CHARLOTTE, N.C. - The Department of Transportation is looking to infuse billions of dollars into infrastructure development as the industry continues to struggle with unknowns in federal policy.

New developments in federal transportation policy were discussed during a panel at the Bond Buyer’s Transportation/P3 Conference here on Tuesday.

Among the speakers was Duane Callender, director of the Credit Programs Office at the U.S. Department of Transportation’s Build America Bureau.

Callender said that federal loan programs have billions of dollars of authority available and are working to expend these funds as efficiently as possible to make money to finance innovative infrastructure programs more of a “known” than an “unknown.”

The bureau was set up last year and manages the Transportation Infrastructure Finance and Innovation Act (TIFIA) loan program and the Railroad Rehabilitation & Improvement Financing (RRIF) loan program among others.

Under the Fixing America's Surface Transportation (FAST) Act signed into law by Barack Obama in December 2015, TIFIA has about $300 million of loan authority available per year through 2020. The RRIF program was granted $35 billion of authority.

Callender said TIFIA has about a dozen projects in the pipeline set to close in the next fiscal year, with another 20 or so in the due diligence phase.
“We have more than enough to cover those,” he said.

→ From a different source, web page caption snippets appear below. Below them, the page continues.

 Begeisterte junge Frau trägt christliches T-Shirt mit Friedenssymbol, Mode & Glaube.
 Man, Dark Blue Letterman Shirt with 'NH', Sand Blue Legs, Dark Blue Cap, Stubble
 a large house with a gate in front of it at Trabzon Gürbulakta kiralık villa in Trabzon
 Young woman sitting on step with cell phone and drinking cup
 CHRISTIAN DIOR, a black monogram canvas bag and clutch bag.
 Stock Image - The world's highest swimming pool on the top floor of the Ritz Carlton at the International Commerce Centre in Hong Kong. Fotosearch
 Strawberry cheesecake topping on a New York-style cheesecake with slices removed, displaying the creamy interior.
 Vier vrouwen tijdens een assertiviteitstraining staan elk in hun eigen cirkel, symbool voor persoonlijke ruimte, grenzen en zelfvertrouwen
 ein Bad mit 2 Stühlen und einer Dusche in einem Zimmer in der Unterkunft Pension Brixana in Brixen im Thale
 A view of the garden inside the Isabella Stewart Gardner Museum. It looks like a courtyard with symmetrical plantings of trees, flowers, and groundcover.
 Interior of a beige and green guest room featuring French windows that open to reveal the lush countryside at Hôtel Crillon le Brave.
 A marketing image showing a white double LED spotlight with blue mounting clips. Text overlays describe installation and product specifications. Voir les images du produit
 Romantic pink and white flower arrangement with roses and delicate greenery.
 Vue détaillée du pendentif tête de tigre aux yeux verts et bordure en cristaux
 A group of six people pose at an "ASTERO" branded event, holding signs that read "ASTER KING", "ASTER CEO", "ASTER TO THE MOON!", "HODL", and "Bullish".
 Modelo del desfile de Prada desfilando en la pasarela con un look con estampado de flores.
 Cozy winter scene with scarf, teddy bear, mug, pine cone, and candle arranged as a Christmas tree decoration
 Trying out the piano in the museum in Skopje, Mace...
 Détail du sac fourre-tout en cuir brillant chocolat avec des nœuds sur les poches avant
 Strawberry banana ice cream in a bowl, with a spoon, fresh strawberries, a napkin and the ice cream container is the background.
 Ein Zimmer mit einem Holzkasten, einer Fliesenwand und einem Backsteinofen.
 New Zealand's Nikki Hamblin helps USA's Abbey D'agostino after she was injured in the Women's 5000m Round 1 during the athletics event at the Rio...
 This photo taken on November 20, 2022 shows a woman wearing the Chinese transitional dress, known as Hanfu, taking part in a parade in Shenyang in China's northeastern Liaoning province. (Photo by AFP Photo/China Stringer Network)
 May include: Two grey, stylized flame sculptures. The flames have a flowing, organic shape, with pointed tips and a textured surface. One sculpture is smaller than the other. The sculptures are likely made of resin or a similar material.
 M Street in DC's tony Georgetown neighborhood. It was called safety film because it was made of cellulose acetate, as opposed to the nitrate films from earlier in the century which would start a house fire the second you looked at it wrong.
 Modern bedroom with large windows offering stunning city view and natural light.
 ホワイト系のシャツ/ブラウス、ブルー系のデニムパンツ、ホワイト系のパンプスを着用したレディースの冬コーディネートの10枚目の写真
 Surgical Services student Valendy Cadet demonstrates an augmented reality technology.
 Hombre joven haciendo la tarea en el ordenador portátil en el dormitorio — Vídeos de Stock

Callender added that the nature of the RRIF program is beginning to change, shifting from loans as small as $55,000 to include more loans that look like TIFIA-type projects. RRIF funds can be used to acquire, improve, or rehabilitate intermodal or rail equipment and facilities, refinance outstanding debt incurred for those purposes, and develop or establish new intermodal or railroad facilities. Callender said the DOT has worked to improve its efficiency, acknowledging that the TIFIA process has not always been swift and smooth.

“We have been under-utilized,” he said.

Other panelists were complimentary of the Build America Bureau, saying they have seen a real improvement in engagement with the federal government over the past year. But panelists also agreed that there is anxiety over the uncertainty of federal policy and that the DOT could be doing more to help educate state and local governments about innovative finance such as public-private partnerships (P3s).

Among the unknowns is Donald Trump’s promised $1 trillion infrastructure plan, details of which are still unclear. Although it was originally assumed to rely heavily on P3s, the president has informally backed away from that position following his remark to a group of lawmakers in September that P3s “don’t work.”

Thomas Madison, executive director at the Cornell University Program in Infrastructure Policy, said there is “frustration” over how to overcome persistent funding challenges in infrastructure.

“There’s real concern over uncertainty,” he said, adding that the federal government has the platform to be able to educate state and local governments and should be doing more of it.

Stephanie Wagner, a partner at Mayer Brown, said that some state DOT’s are keyed-in and will be “repeat players” in the P3 market, but other states might have only rare projects that are revenue-producing and fit into a P3 model. Some states still lack statutory authority to enter into P3s at all, she said.

Stephanie Wagner

In a later luncheon speech, the bureau's former executive director Martin Klepper said he is growing "increasingly concerned" about the fate of the trillion-dollar infrastructure plan due to the administration's mixed signals.

Trump's comment about P3s not working could imply a lack of White House support for P3s, he said, adding he now doubts whether local governments will see increases in federal investment in the near future. Even if a new infrastructure bill were to pass a year or so from now, he said, it would take six months to a year for the agencies to implement new programs.

"We're really looking at two years from now," he said.

The conference began Monday evening and concludes on Wednesday.